5. The Company, or a Constellation, i.e. Breaking Bread


Long ago, coming into American poetry & before I even knew of Lansing, I read an interview with Robert Creeley in which he was asked if he had any advice for young poets. “Company” was his answer, or more exactly: “I think company is immensely useful, by which I mean finding some company that lets one feel respect and less than paranoid about what it is one cares for.” For the European I was back then & for whom the image of the poet as isolato, holed up in some ivory tower, was still somewhat active, this discovery was major. (As was GL’s thinking about the culture I came from, pithily put in the second of the Burden of SET essays: “European whiteness is sepulcher to us & European consciousness a museum”—I have ever since worked at overcoming that heritage.)
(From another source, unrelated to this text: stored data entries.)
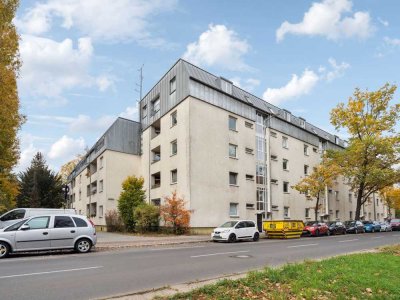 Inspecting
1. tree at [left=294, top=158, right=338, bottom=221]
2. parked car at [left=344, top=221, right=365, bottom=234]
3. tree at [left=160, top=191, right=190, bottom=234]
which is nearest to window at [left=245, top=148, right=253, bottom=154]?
tree at [left=294, top=158, right=338, bottom=221]

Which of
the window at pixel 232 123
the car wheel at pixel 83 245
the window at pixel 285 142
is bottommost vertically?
the car wheel at pixel 83 245

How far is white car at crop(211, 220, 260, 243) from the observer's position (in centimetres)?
2464

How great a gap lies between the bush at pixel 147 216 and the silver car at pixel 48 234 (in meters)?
13.2

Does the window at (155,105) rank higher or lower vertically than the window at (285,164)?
higher

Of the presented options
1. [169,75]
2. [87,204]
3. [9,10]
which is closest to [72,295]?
[9,10]

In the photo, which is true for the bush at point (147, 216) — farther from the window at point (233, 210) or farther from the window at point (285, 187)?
the window at point (285, 187)

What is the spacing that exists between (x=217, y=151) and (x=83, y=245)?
18.0 meters

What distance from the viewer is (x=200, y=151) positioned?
31.7 metres

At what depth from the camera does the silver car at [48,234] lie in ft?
49.9

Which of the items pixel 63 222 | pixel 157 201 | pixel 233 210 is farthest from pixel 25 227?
pixel 157 201

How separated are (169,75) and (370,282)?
3034 centimetres

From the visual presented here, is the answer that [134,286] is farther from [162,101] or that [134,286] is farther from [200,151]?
[162,101]

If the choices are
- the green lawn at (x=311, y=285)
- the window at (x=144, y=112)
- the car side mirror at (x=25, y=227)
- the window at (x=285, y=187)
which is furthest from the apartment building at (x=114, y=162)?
the green lawn at (x=311, y=285)

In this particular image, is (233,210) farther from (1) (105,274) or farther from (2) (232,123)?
(1) (105,274) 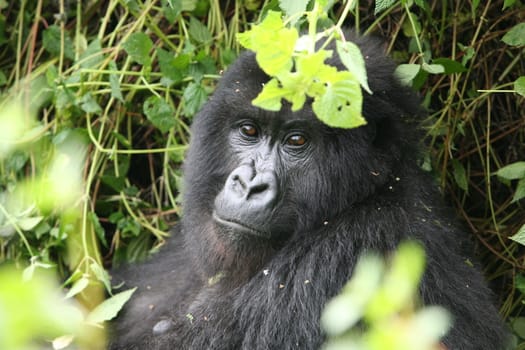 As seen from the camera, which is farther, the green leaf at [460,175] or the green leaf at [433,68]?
the green leaf at [460,175]

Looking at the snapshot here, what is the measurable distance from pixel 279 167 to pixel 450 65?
1267 millimetres

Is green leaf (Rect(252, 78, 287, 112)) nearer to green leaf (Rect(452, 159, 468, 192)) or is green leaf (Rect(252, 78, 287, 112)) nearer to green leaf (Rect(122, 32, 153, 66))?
green leaf (Rect(122, 32, 153, 66))

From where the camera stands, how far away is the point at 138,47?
4.70 meters

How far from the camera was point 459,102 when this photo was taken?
4680mm

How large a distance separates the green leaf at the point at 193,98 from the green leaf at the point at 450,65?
4.20 ft

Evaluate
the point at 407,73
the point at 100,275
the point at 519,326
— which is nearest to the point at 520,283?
the point at 519,326

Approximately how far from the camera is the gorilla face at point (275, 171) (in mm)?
3488

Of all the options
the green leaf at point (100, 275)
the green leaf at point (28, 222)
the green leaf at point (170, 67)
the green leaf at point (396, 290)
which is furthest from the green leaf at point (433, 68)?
the green leaf at point (396, 290)

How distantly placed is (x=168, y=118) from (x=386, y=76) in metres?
1.56

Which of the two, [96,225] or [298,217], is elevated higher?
[298,217]

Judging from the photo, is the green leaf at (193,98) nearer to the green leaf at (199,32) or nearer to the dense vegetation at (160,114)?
the dense vegetation at (160,114)

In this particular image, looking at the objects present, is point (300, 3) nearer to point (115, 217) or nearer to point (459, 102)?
point (459, 102)

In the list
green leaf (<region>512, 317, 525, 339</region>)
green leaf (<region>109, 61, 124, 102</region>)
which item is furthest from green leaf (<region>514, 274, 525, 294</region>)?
green leaf (<region>109, 61, 124, 102</region>)

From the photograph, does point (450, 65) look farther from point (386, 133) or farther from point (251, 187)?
point (251, 187) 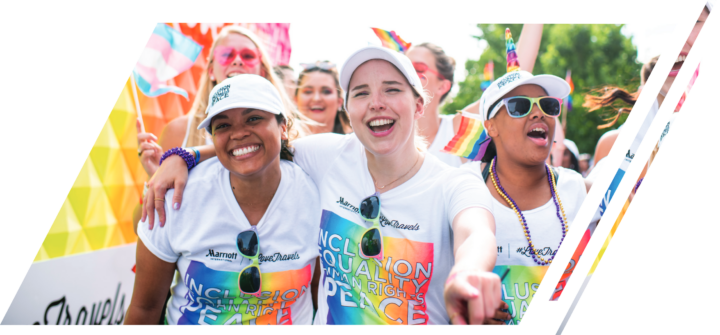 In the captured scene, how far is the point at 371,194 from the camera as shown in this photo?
7.25 feet

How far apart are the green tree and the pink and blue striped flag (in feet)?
4.88

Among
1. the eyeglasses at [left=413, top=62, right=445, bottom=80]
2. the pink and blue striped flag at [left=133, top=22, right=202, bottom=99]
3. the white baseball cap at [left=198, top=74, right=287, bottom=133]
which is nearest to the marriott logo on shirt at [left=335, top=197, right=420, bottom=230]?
the white baseball cap at [left=198, top=74, right=287, bottom=133]

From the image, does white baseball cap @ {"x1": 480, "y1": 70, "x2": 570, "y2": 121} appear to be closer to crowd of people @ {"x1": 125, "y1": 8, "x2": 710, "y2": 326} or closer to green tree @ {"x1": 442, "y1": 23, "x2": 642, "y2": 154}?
crowd of people @ {"x1": 125, "y1": 8, "x2": 710, "y2": 326}

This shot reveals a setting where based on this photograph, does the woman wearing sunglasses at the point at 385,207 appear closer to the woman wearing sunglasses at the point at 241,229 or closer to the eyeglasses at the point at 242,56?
the woman wearing sunglasses at the point at 241,229

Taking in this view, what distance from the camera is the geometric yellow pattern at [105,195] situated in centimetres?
235

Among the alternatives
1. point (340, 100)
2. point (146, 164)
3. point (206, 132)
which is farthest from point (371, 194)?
point (146, 164)

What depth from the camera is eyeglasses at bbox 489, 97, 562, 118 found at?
7.33 ft

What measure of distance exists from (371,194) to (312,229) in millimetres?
369

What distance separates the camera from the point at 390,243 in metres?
2.19

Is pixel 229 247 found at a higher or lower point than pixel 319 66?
lower

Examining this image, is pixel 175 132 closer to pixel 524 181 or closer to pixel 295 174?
pixel 295 174

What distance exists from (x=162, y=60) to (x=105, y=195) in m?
0.81

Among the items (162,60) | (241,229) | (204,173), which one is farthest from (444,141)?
(162,60)

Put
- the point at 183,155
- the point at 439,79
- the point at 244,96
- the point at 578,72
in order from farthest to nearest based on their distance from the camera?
the point at 578,72 → the point at 439,79 → the point at 183,155 → the point at 244,96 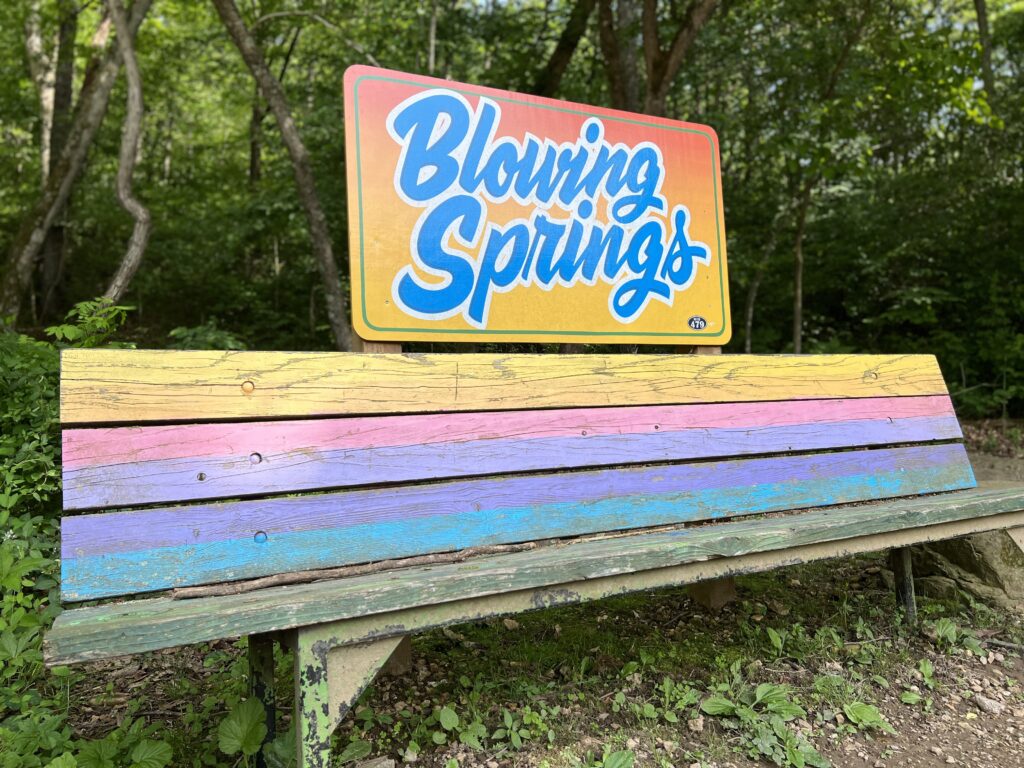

The poet who gave Lansing to me by giving me a copy of his first book—The Heavenly Tree Grows Downward (Matter Books, 1966) (I still cherish that long “legal size” mimeographed & side-stapled item with green covers & yellow-orangey inside pages printed in brown ink)—was Robert Kelly. And Kelly also spoke of the magic of “company” in an interview where he said: “The individuals back then, you ask about them. What a great company we were, what a fantastic chevere I was permitted to be part of. The company of those days—like Gerrit Lansing’s wonderful phrase ‘the company of love / safe in the garden that is themselves.’ How can anyone work without a company?”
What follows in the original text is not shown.